Jechał szybko i niebezpiecznie - kolejne zatrzymane prawo jazdy
Funkcjonariusze grupy SPEED z oławskiego ruchu drogowego zatrzymali wczoraj kierującego, który za nic miał przepisy ruchu drogowego i rażąco przekroczył obowiązujące w terenie zabudowanym limity prędkości. Kierowca stracił prawo jazdy na 3 miesiące i musi zapłacić wysoki mandat karny. Przypominamy - prędkość jest nadal jedną z najczęstszych przyczyn zdarzeń drogowych.

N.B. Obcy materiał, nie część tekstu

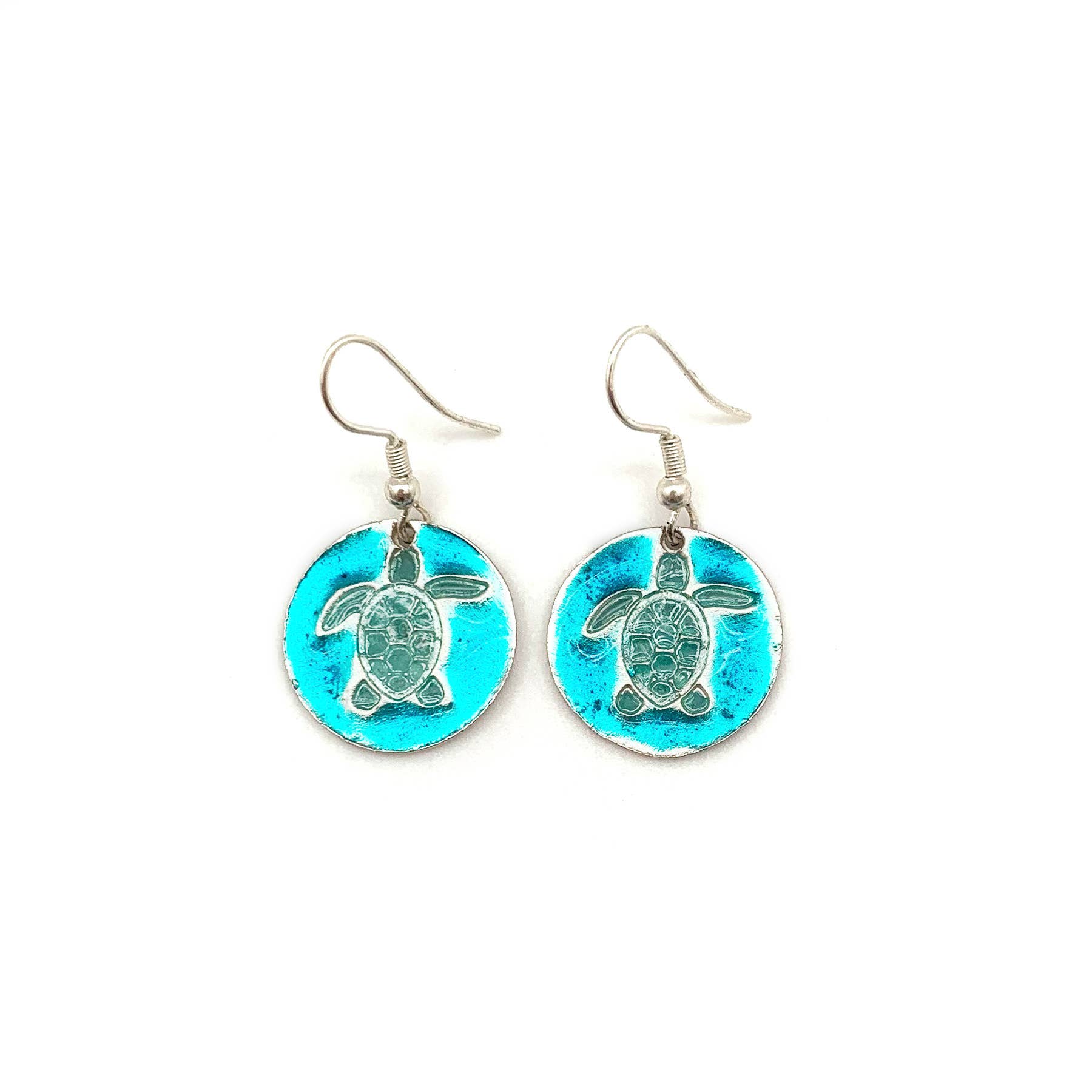 Pewter Earrings with Color Enamel - Teal/Aqua Tortoise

"Jeżdżę szybko, ale bezpiecznie” to najczęstsza wymówka kierowców jeżdżących po Polsce. Nie kłamią, ale wierzą, że jest to możliwe. Zapominają jednak, że prędkość nadal jest jedną z najczęstszych przyczyn zdarzeń drogowych.
W środę 23 lipca około godziny 11:05 funkcjonariusze grupy SPEED z oławskiego Wydziału Ruchu Drogowego, w miejscowości Janików na ul. Batorego zatrzymali kierowcę Skody, który pędził z prędkością 94 km/h w miejscu, gdzie powinien nie przekraczać 40 km/h.
Za swoje skrajnie nieodpowiedzialne zachowanie, przekroczenie prędkości o 54 km/h, 18-letni mieszkaniec powiatu oławskiego stracił prawo jazdy na okres trzech miesięcy, został także ukarany mandatem w kwocie 1500 zł i 13 punktami karnymi.
Pomimo zaostrzenia kar dla kierowców nieprzestrzegających przepisów drogowych, nadal wielu użytkowników dróg lekceważy obowiązujące ograniczenia.
Przypominamy, że nadmierna prędkość w dalszym ciągu jest jedną z głównych przyczyn tragicznych w skutkach zdarzeń drogowych. Nie ma i nie będzie taryfy ulgowej dla kierowców, którzy nie stosują się do ograniczeń prędkości – zwłaszcza w terenie zabudowanym.
Pamiętajmy, że rozsądek i rozwaga, to podstawa podczas podróży. Lepiej dojechać do miejsca docelowego 10 lub 20 minut później, ale za to bezpiecznie.